When we get too focused on biometric data, it takes us away from our felt experiences. Preoccupation with numbers suggests a need for more awareness of your internal environment. What you are feeling and experiencing when you work, eat, train, or rest?
This should be a process of improving your health, wellbeing, and quality of life. A tracker shouldn’t become something you live to placate. Check in with yourself and your relationship to data regularly to see if it’s still serving you.
The idea is that data shows you what is working and when. It shouldn’t be the main reason you do something: sleep is for the body, not for your sleep tracker. It’s a supportive gadget – not a replacement for developing self-awareness!
So what’s a balanced way forward?
As humans we have an amazing capacity to adapt. Unfortunately, this means we can also adapt to things that we shouldn’t. We can adapt to eating too little food, feeling tired on a daily basis, or to sleeping inadequately.
A tracker can put numbers to this and provide direction for better quality of life.

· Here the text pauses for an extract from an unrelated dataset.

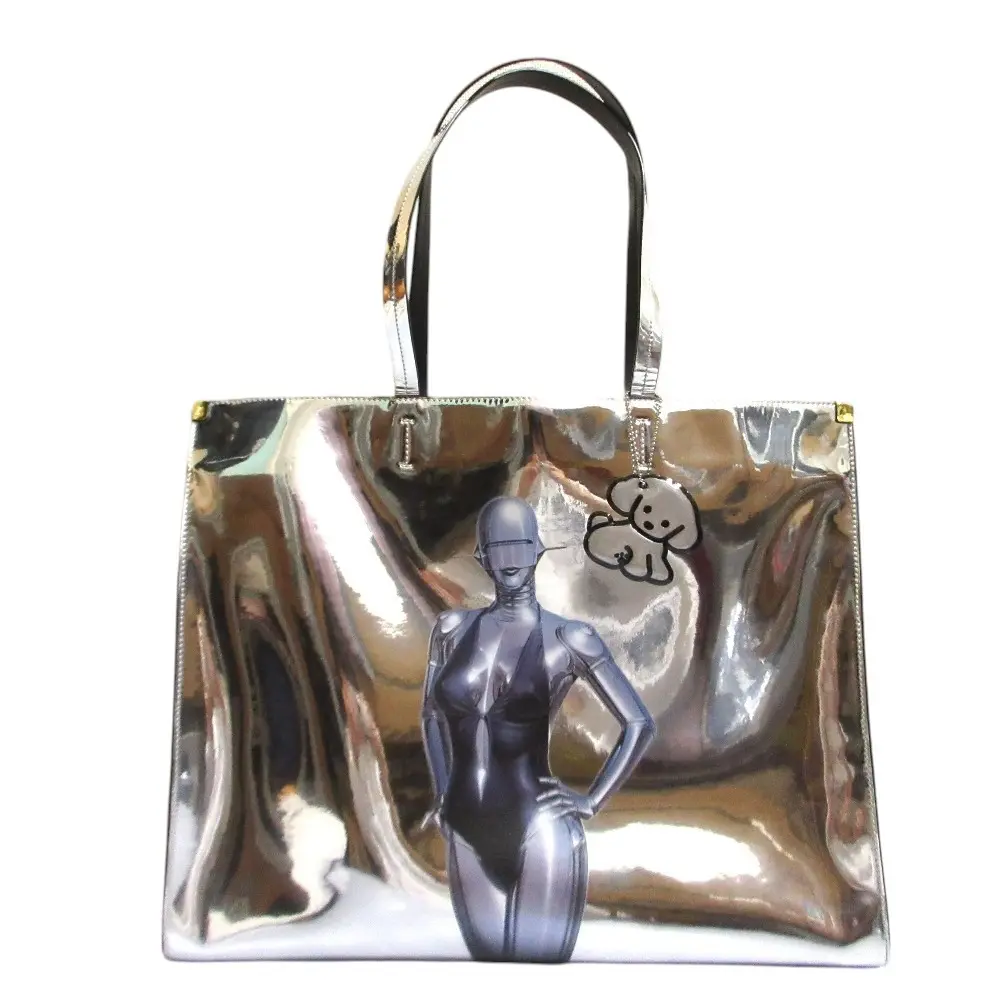 Pre-owned Stella McCartney Vegan Leather Tote Bags Tote Bag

Trackers are powerful for disruption of thought patterns or repetitive cognitive habits that are getting in our way. Once we disrupt and challenge these patterns, we can start to explore with ourselves how we really feel – both in body and mind.
A beautiful thing happens when we combine our personal felt experience of ourselves with some external data or information.
With this blend we can challenge areas where we might be stuck, quantify things that prompt positive change, and we can empower better decision making. We take back control, build resilience, and improve wellbeing.
Let’s not become reliant on a machine to tell us how we are! Take the power away from the scale or the food tracking app. Instead ask yourself, ‘how do I feel today in myself? Do I feel rested and ready? Agitated? Depleted? Restored?’ – fitness wearables should prompt those questions, not answer them.
Ultimately, we need to be experts in ourselves and read our emotional and physical state. We need to honour whatever state we are in: Recognise it, let it be real and valid. It can tell us what we need, and what we don’t need, and we don’t need to try to override it.
If you want to dig deeper, an HRV monitor will give you more information about your whole-person health (particularly autonomic health). Autonomic health gives us scope to improve our mind-body health in unprecedented ways.
I incorporate HRV and breathwork into my practice as a psychotherapist and coach.
It’s a way of learning about, disrupting, planning, supporting your whole-person health. The results I aim for with clients? Resilience, improved mood, increased energy, and more capacity for what life throws at you.